A new final fantasy might be released soon and we all know what it is going to be, we all know that its going to be an RPG with healing potions and pheonix downs. Nothing is a suprise anymore. We will look at the gaint monsters like we were seeing Shadow of the Collossi for the first time and be in awe of its 30fps glowry. A new Call of duty is going to drop and its probably going to have better space combat than NMS and even better gun play and online multiplayer but who cares? Team death match - capture the flag. Its all the same stuff with more polygons. Give us new stuff. Sci-book covers!
I bought a component cable (6 plug Y Pb/Cb Pr/Cr) for my PS2 slim today at Royal PC (after watching a video about it online ) for the price of a movie ticket. It makes a world of a difference on the current HDTVs which are much cheaper now than when the PS2 originally came out in 2000. Make sure you use the composite cable to setup the ps2 colour mode before you attach the new cables because I spent almost an hour trying to figure out why they weren't working on my television and was wondering if I had bought defective cables. Leave the PS2 disk cover open and then go into the settings with the old A/V cables. Thank god for the internet, I found this review that helped me figure out that the setting was the problem.
I can finally enjoy Gran Turismo 4 in crisp 1080p HD. I still have the super license tests to complete. I think the license tests may actually be the only reason to play GT games. GT does get daunting at times but it has the best graphics of all the games I own and is probably the easiest to jump back into after I have been on a long hiatus. There is not much to playing a racing game, just takes lots of practice, fortitude and failed driving tests.
A setup like this would have probably cost 2000 USD back in the day (2002).

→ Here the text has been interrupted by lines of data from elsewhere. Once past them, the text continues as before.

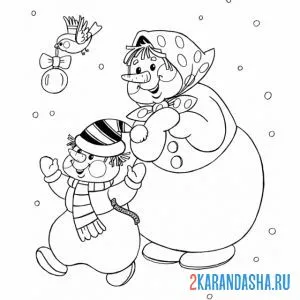 Раскраска мама и сын снеговики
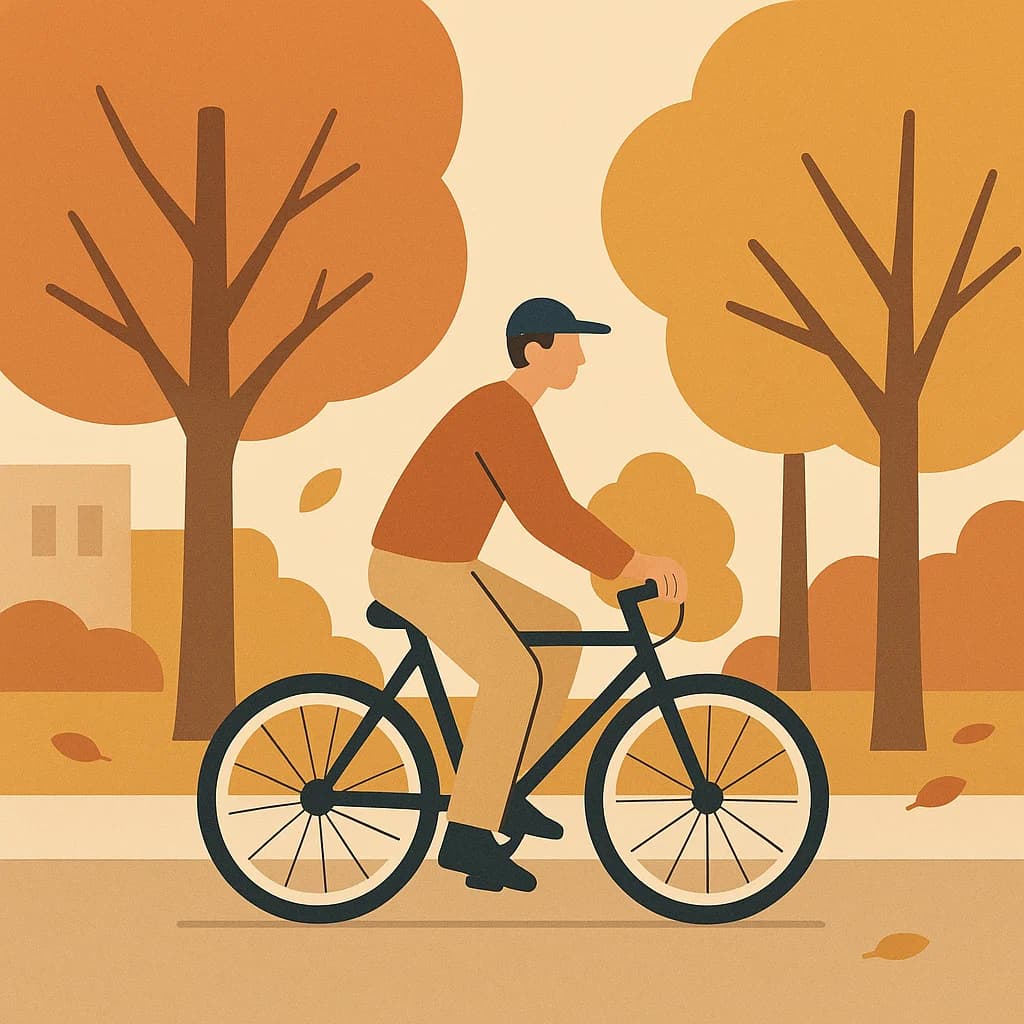 Man cycling flat design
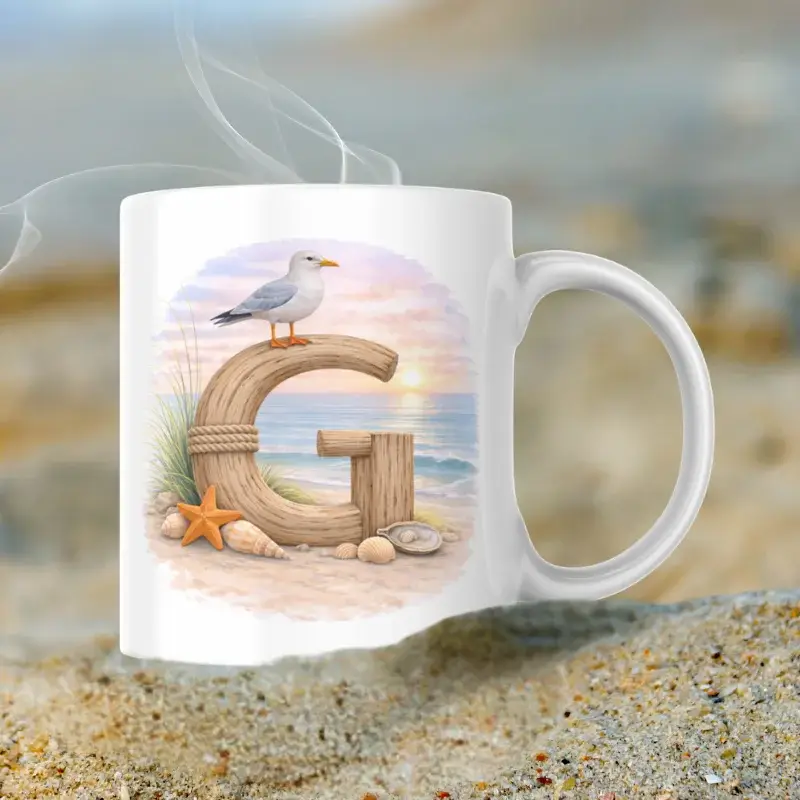 Mok met letter G | strand thema | standaard oor Sfeerafbeelding van een mok met afbeelding van strand thema; letter G van hout met op de letter een meeuw. De mok heeft een standaard oor.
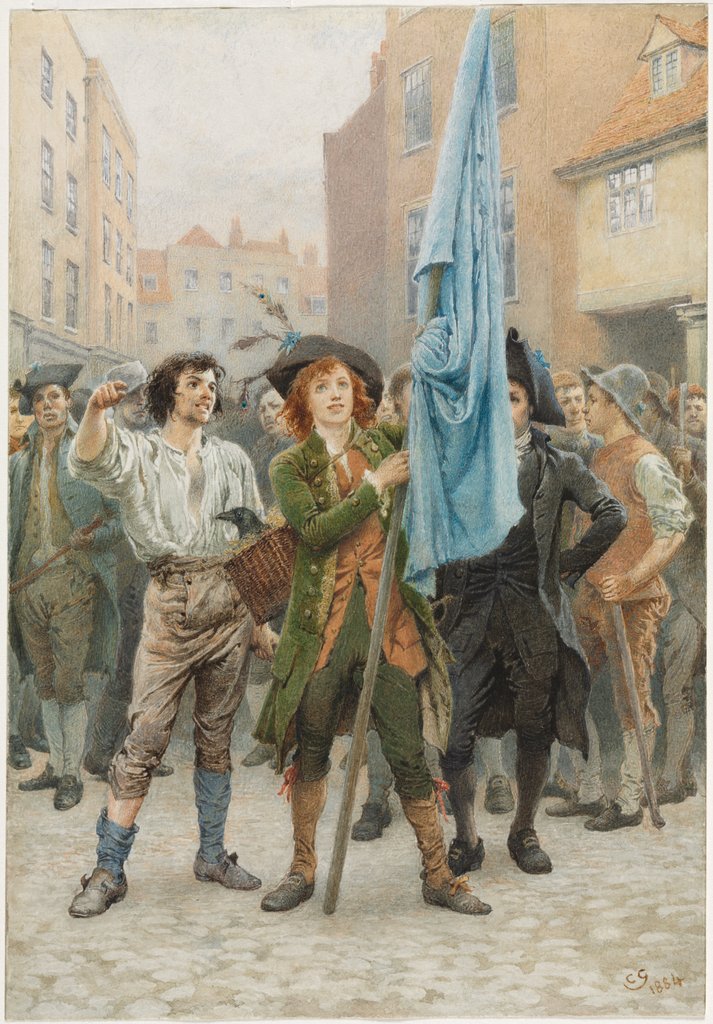 Detail of Barnaby Rudge Helping Lead the Gordon Riots, 1884 by Charles Green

I might be able to finally tackle my PS2 backlog of games I had been hording for a couple years now. I still have Persona 3 to finish and also to find a copy of Persona 4. Even with though Persona 4: Golden was released on the PS Vita I would much rather drop the money on the original version than invest in the abomination that is the PS Vita. Fcuk a remake/reboot/re-release!
The new cables do not do much to improve Hitman: Blood Money but I had already finished all 3 hitman games so not much of a loss there. Blood money is by far the best Hitman game. Tekken 5 benefits from the cables a little but that was already a pretty nice looking game. Newer PS2 games that were made after the year 2004 seem to benefit the most from the cables. Make sure you check the display settings in-game to see what can be changed. The mini-map and timer in GTA: San Andreas and basically all the text in games are crisper.

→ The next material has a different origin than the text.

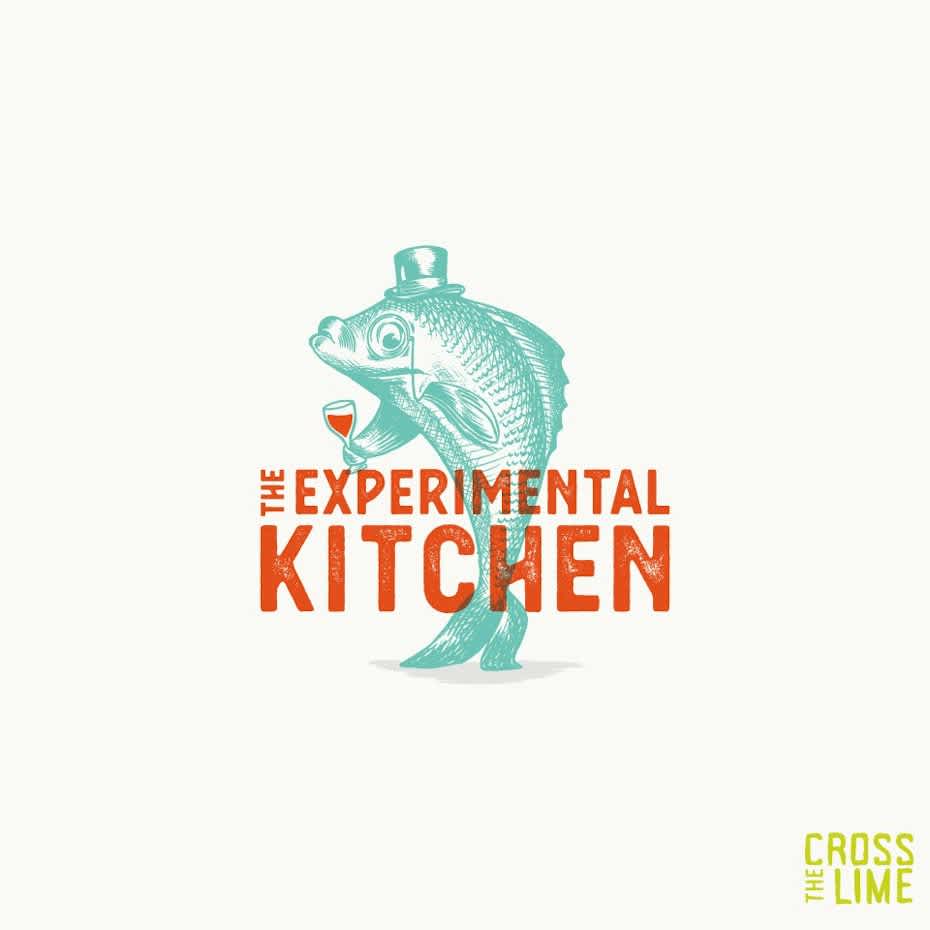 Illustrated neon fish logo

I think I am lost somewhere in Silent Hill 2. Doubt I will ever restart that game. Some games seem to be impossible to get back into once your have reached a point and stopped playing. Its like I forgot what exactly I was doing or where I was going. Almost the same problem with God Of War. God Of war got boring really fast like a gigantic pizza that you want to eat but cannot because you are full. GOW even has "progressive scan" on the back of the box but no other game seems to have that label. I have God of war 2 as well but if I never finish the first one, I will not be able to start the second - I live by rules.
My black label copy of ICO showed up as "Invalid Formate" on my tv, I'm not sure why. Shadow of Colossi worked fine. ICO was released in 2001 while SOC was a 2005 game so it proves my earlier point of newer games working better. Final Fantasy 10 works fine as awful a game as it is - doubt I will be getting back into that mess of a game.
The colours are more vibrant in We Heart Katamari. This Game in particular seems to benefit the most from the component cables. Everything is less washed out and less blurry with less jaggies. You can certainly tell the difference in both the 2d and the 3d scenes.
Conclusion
If you are going to be kicking it old school on the PS2 (or the Wii). And you have a new Flat Screen HD TV then you definately should spend the extra money to get the 5 plug component cables. The only problem you will have is figuring out what system you are gonna connect to the back of the tv next.